Description: fish jumping out of rough water
Label Text: Like many American artists of his time, Dwight Tryon began to collect Japanese woodblock prints and Asian ceramics in the mid-1890s. He displayed works from his collection in his New York studio to draw artistic inspiration from them while painting landscapes. Tryon received occasional gifts of Asian art from his friend Charles Lang Freer, including this hanging scroll, which depicts a giant carp, along with two smaller ones, leaping out of the water. Formerly attributed to Recluse Wei (Weidaoren), a thirteenth-century painter renowned for his elaborate fish paintings, this scroll is most likely the work of an unknown but skillful artist of the fifteenth century. With its careful delineation of the scales of the carp and the waves of the water, this scroll exemplifies the subtle ink strokes and washes of the fish painting tradition of during the Ming dynasty. Because the carp was considered an auspicious symbol of good luck and wealth, pictures of them were often used for household decoration or reciprocal gifts among friends in East Asia.

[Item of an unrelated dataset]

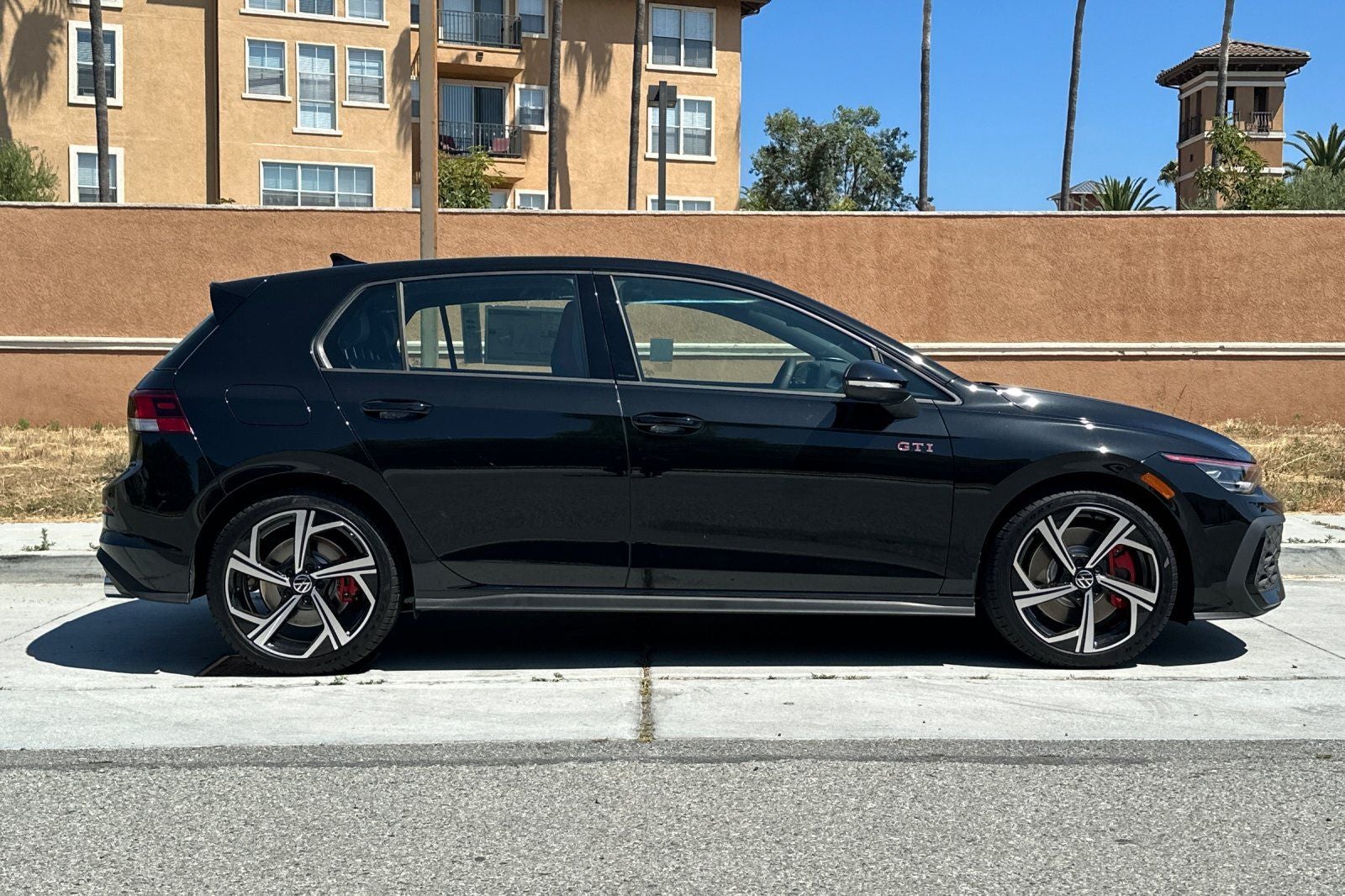 2026 Volkswagen Golf GTI 2.0T SE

Tryon was a lover of boating and fishing and often enjoyed summer outdoor activities on the coast of New England. Freer was undoubtedly aware of this, and the subject of the scroll made this an appropriate gift to his fisherman friend. Tryon gave this work to the Museum in 1921. The pioneering gesture of Freer to donate his whole collection to establish a national museum of Asian art for the public’s benefit must have inspired Tryon to do the same. In addition to giving works of Western art and a large gift of funds for the construction of a new museum building at Smith, Tryon also donated his entire Asian art collection to the College, including seventy-five Japanese woodblock prints and some eighty Asian ceramic and metal works.